◆ Task to carry out ◆
Please give back only the lines below from the one containing "Pioneer CT-X505R User Manual" to the one containing "Inkbird WiFi Heat", each repeated word for word, both ends included.

◆ Given information ◆
%%
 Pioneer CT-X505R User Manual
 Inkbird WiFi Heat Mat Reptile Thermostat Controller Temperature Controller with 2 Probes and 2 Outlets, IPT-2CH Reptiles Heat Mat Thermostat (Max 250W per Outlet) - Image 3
%%
%%
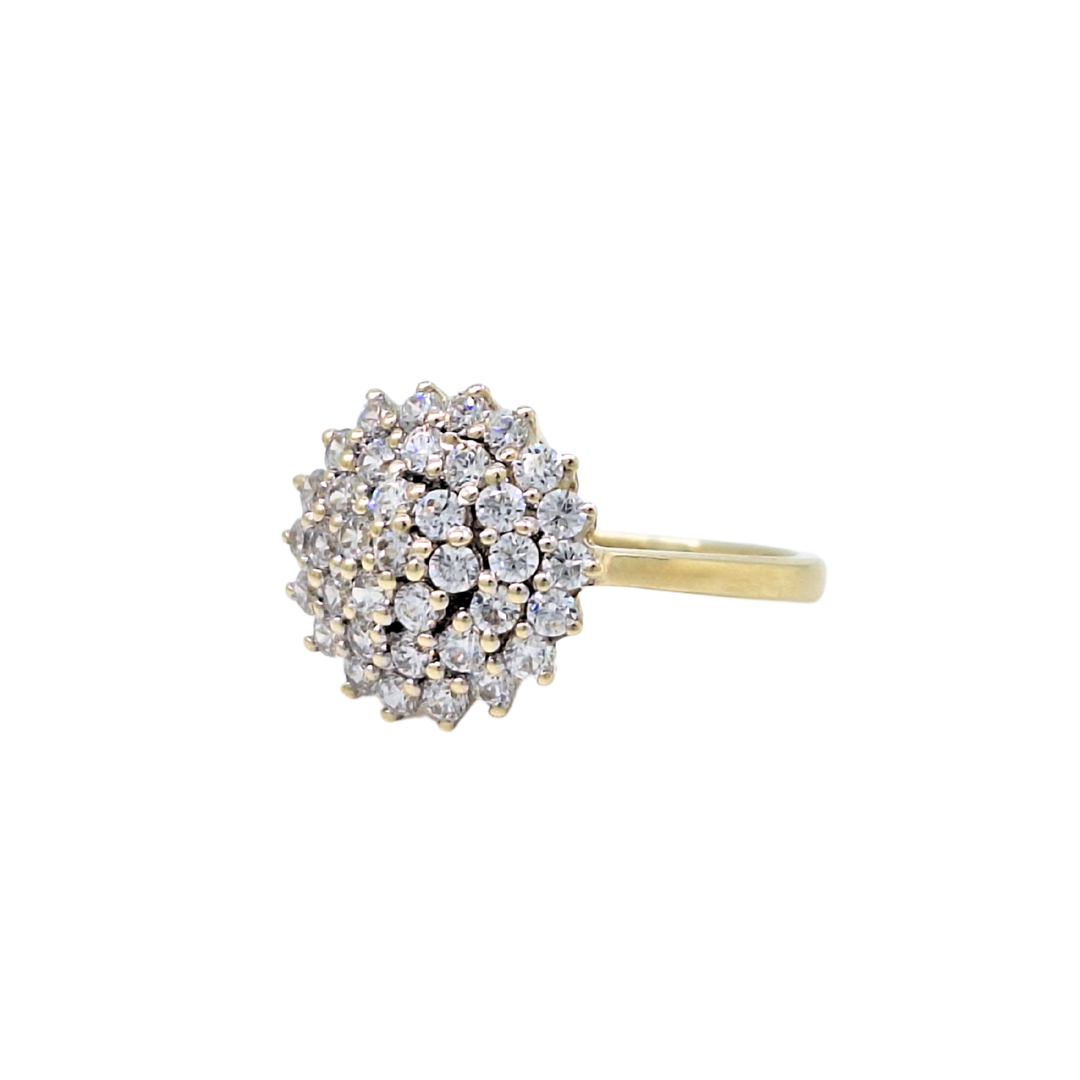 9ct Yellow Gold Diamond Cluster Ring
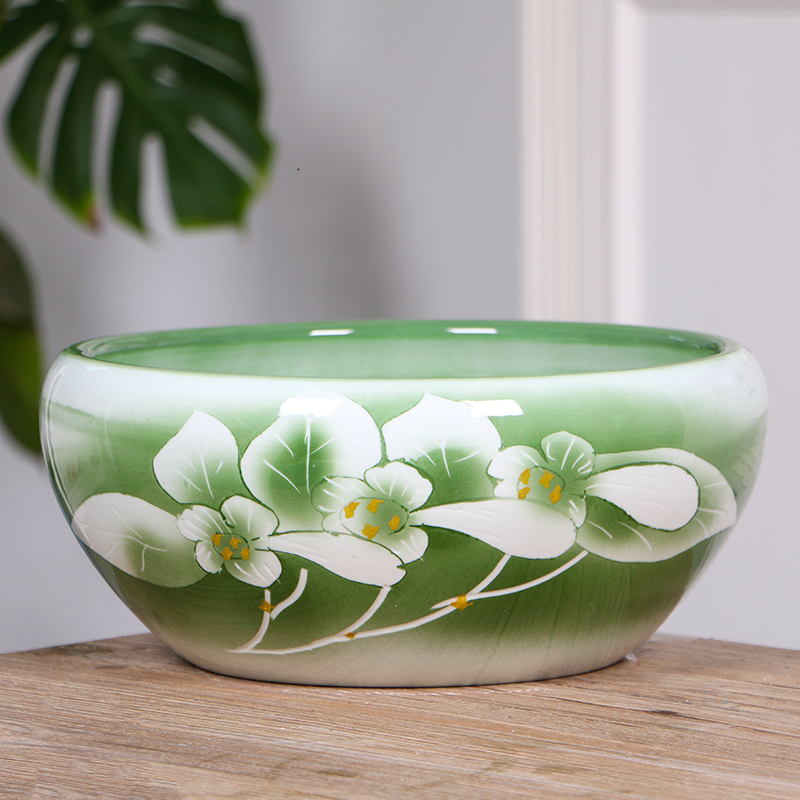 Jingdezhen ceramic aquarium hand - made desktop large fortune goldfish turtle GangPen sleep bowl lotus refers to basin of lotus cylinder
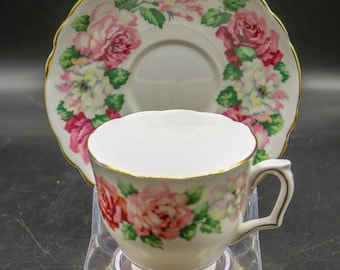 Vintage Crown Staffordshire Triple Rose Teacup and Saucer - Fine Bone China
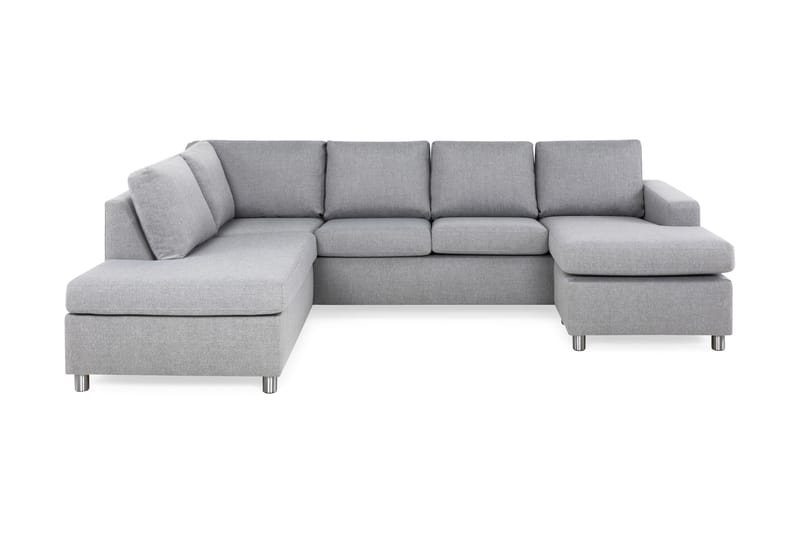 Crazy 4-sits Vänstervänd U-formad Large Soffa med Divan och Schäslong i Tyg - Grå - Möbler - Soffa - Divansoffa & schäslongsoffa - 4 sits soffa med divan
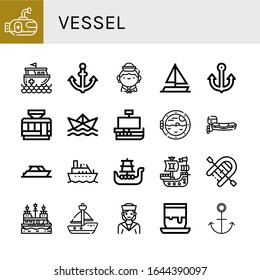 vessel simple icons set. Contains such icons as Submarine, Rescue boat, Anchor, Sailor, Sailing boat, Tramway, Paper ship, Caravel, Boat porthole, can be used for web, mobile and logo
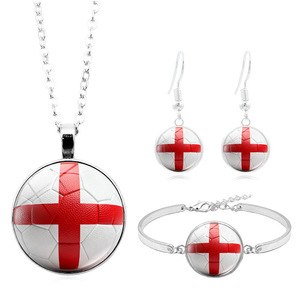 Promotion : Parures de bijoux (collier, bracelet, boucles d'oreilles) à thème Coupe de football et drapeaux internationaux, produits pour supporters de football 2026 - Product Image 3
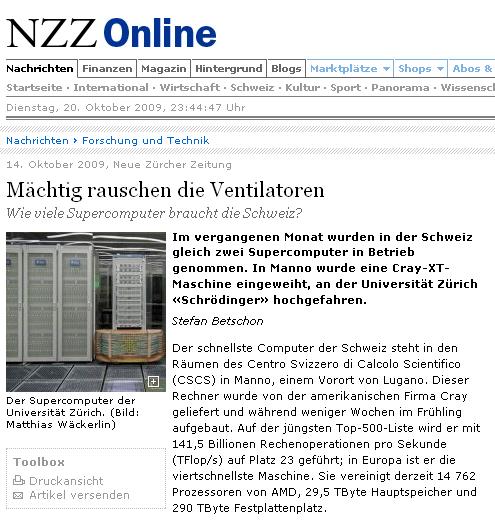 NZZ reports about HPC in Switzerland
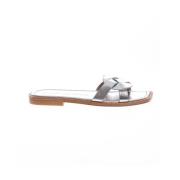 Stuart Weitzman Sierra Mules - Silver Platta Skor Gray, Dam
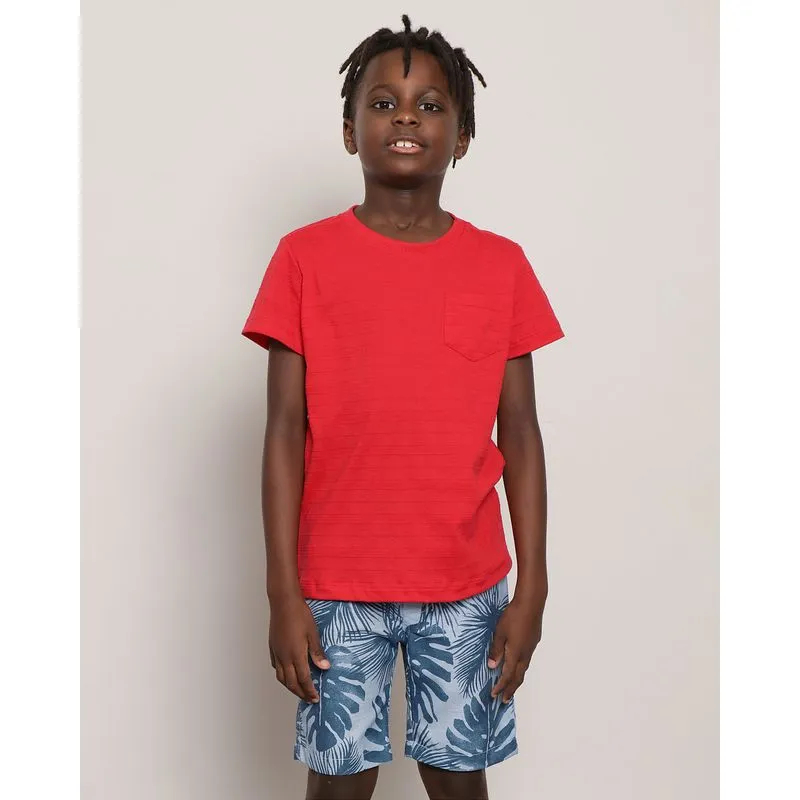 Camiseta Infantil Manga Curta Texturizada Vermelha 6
%%
%%
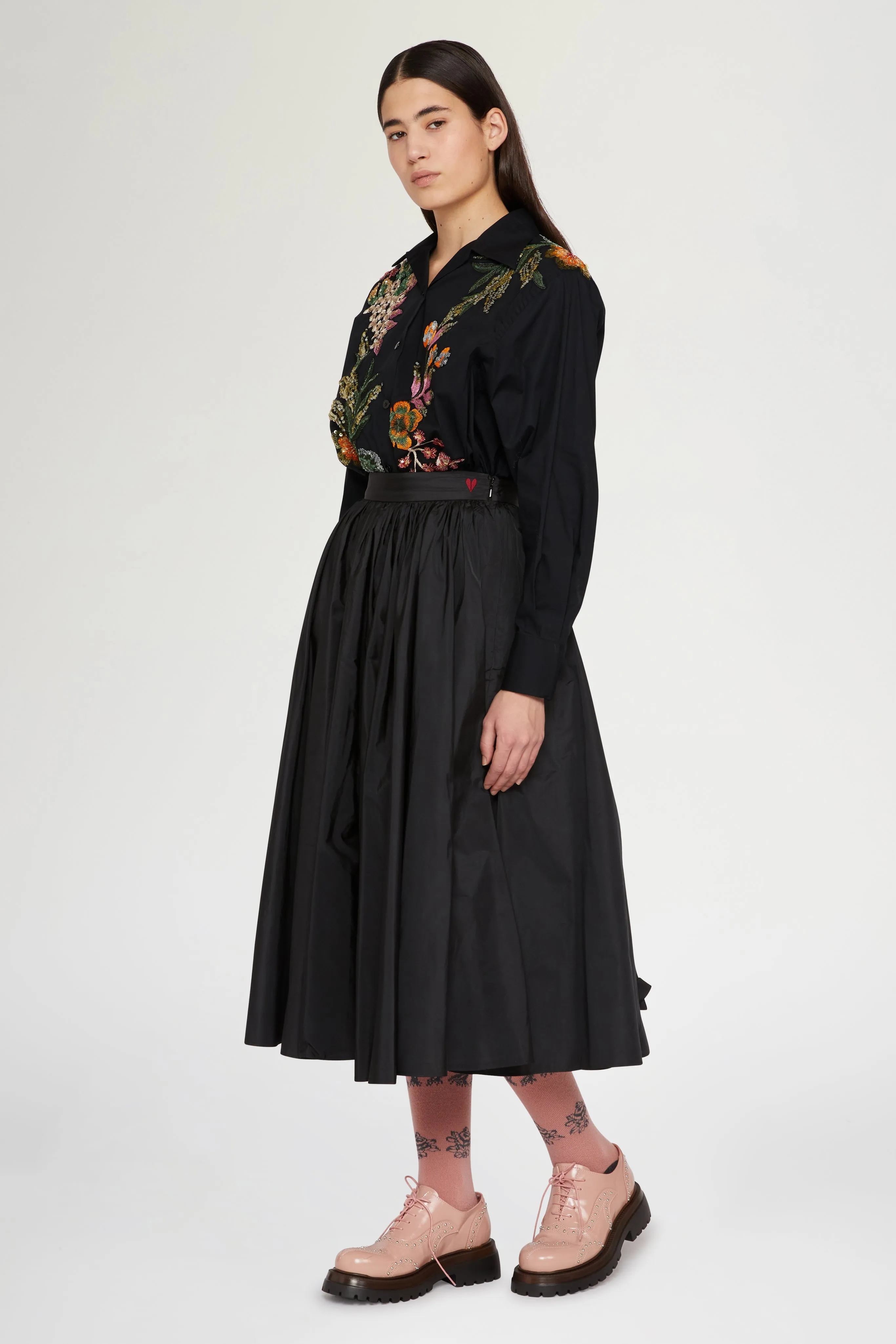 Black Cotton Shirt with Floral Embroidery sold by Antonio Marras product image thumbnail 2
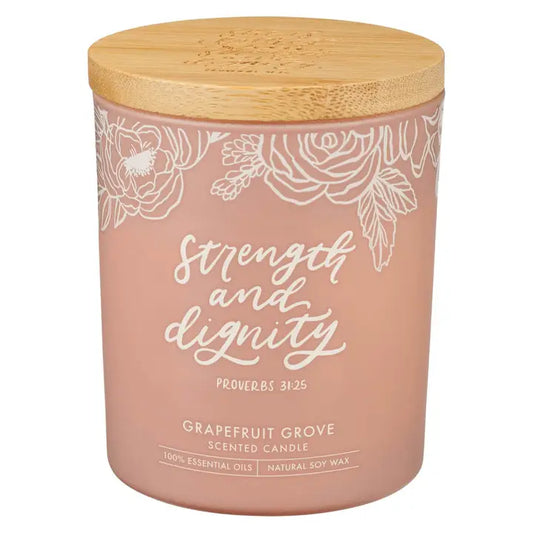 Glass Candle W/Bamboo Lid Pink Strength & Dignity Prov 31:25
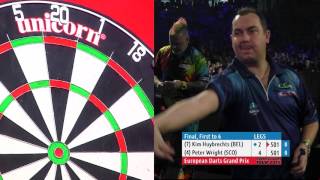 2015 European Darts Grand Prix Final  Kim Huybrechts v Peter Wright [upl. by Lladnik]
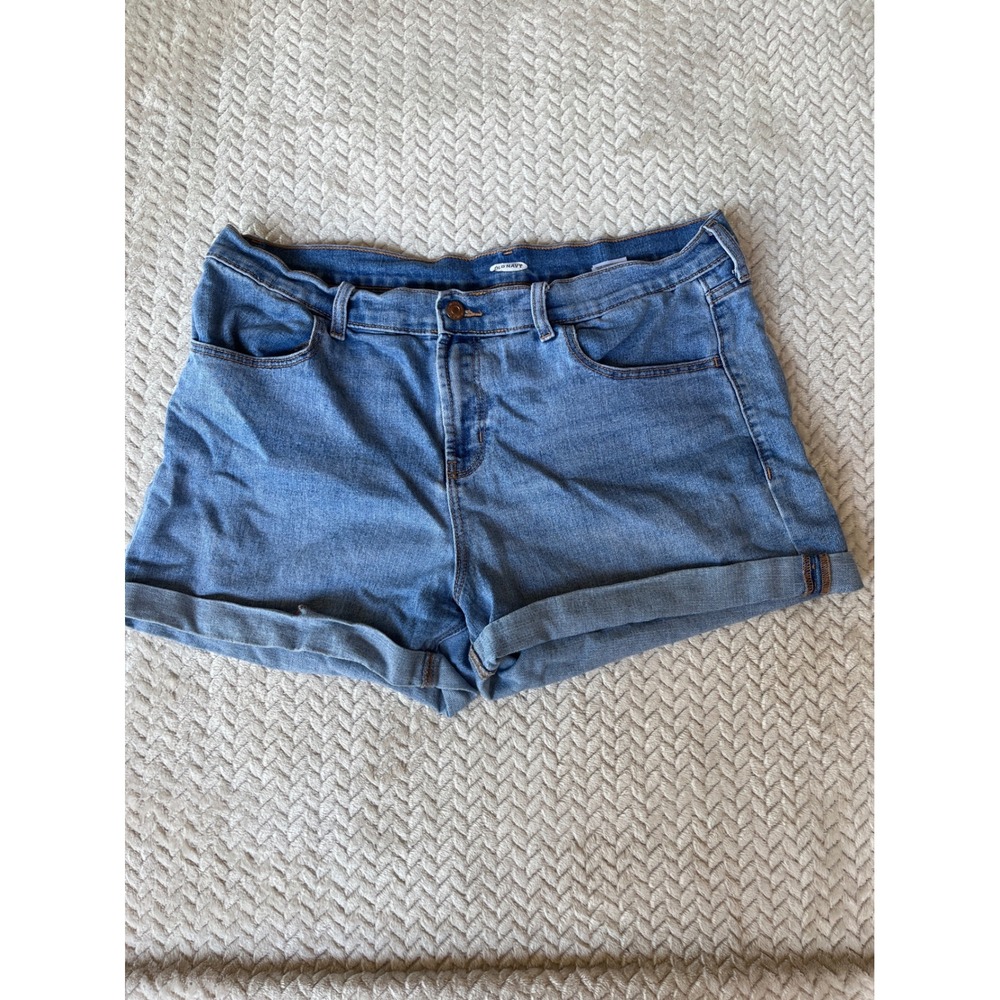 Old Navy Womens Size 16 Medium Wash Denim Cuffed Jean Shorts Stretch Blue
%%
◆ Exercise answer ◆
 Pioneer CT-X505R User Manual
 Inkbird WiFi Heat Mat Reptile Thermostat Controller Temperature Controller with 2 Probes and 2 Outlets, IPT-2CH Reptiles Heat Mat Thermostat (Max 250W per Outlet) - Image 3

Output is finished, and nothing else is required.